• What the exercise asks: Transcribe the data underneath exactly. No images belong in your version.

• Dataset extract:
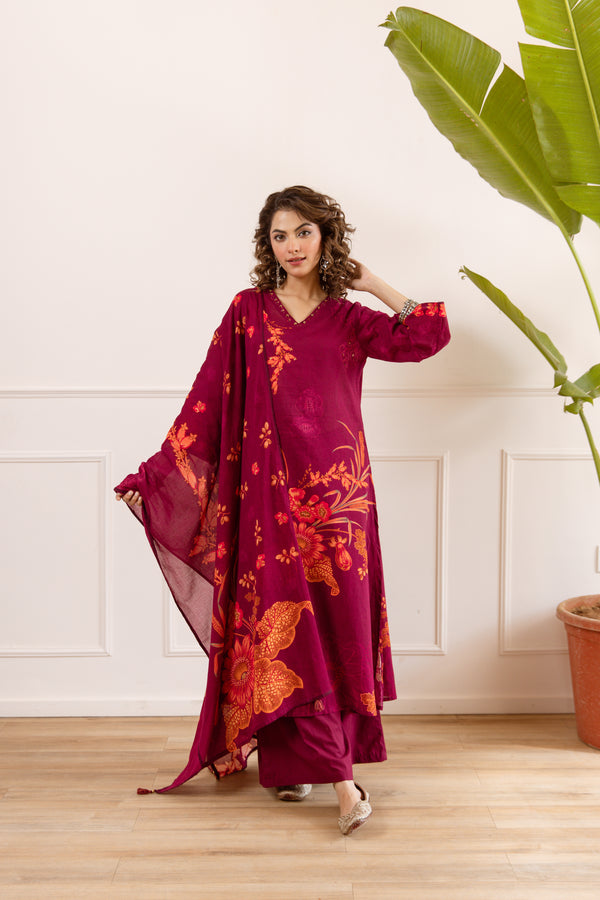 Nehamta Women's Maroon Cotton Kurta with Palazzo & Dupatta
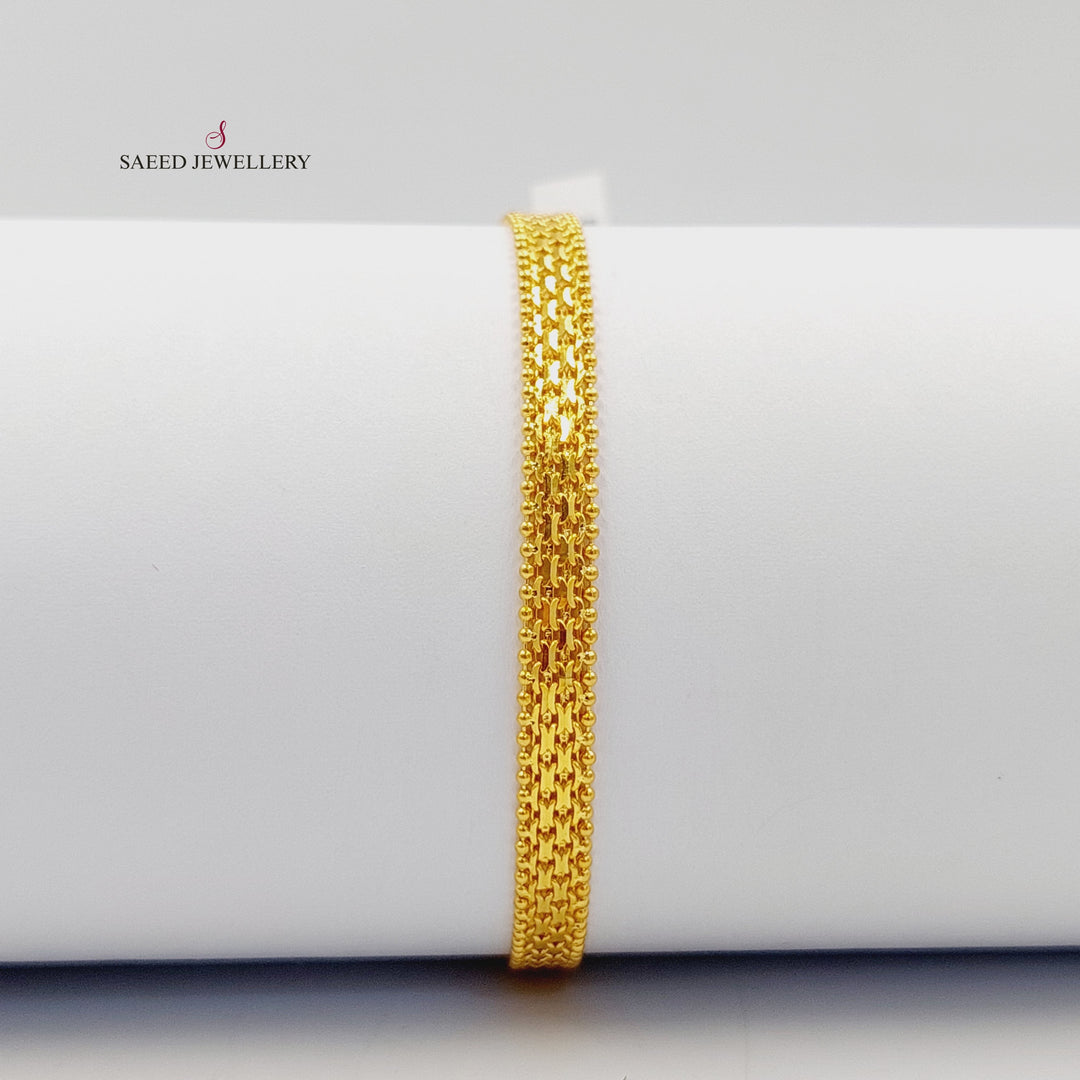 Deluxe Paperclip Bracelet Made of 21K Gold by Saeed Jewelry 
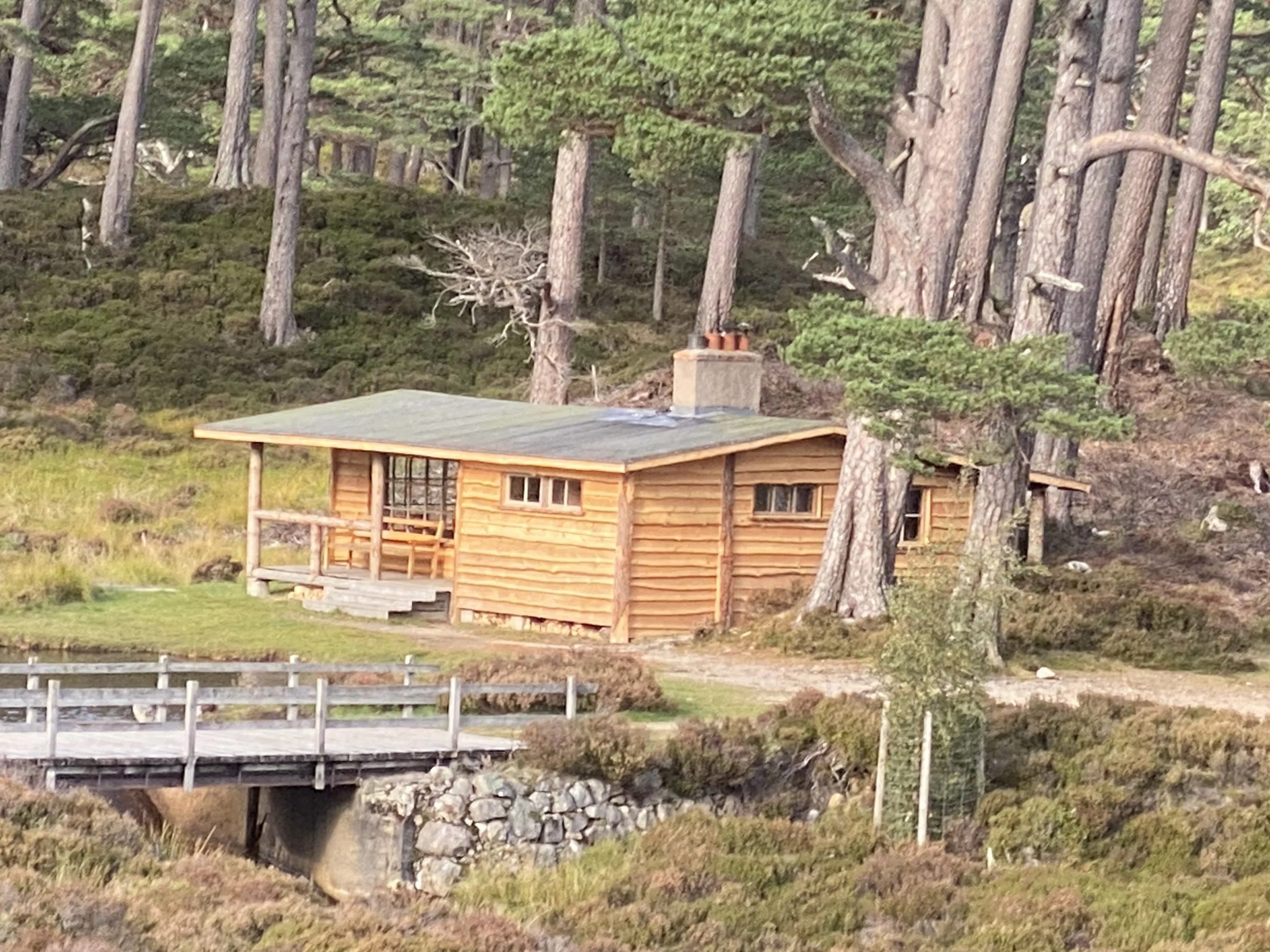 A small wooden cabin with a porch in a forested area, next to a small bridge over a creek.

• Solution for this task:
 Nehamta Women's Maroon Cotton Kurta with Palazzo & Dupatta
 Deluxe Paperclip Bracelet Made of 21K Gold by Saeed Jewelry 
 A small wooden cabin with a porch in a forested area, next to a small bridge over a creek.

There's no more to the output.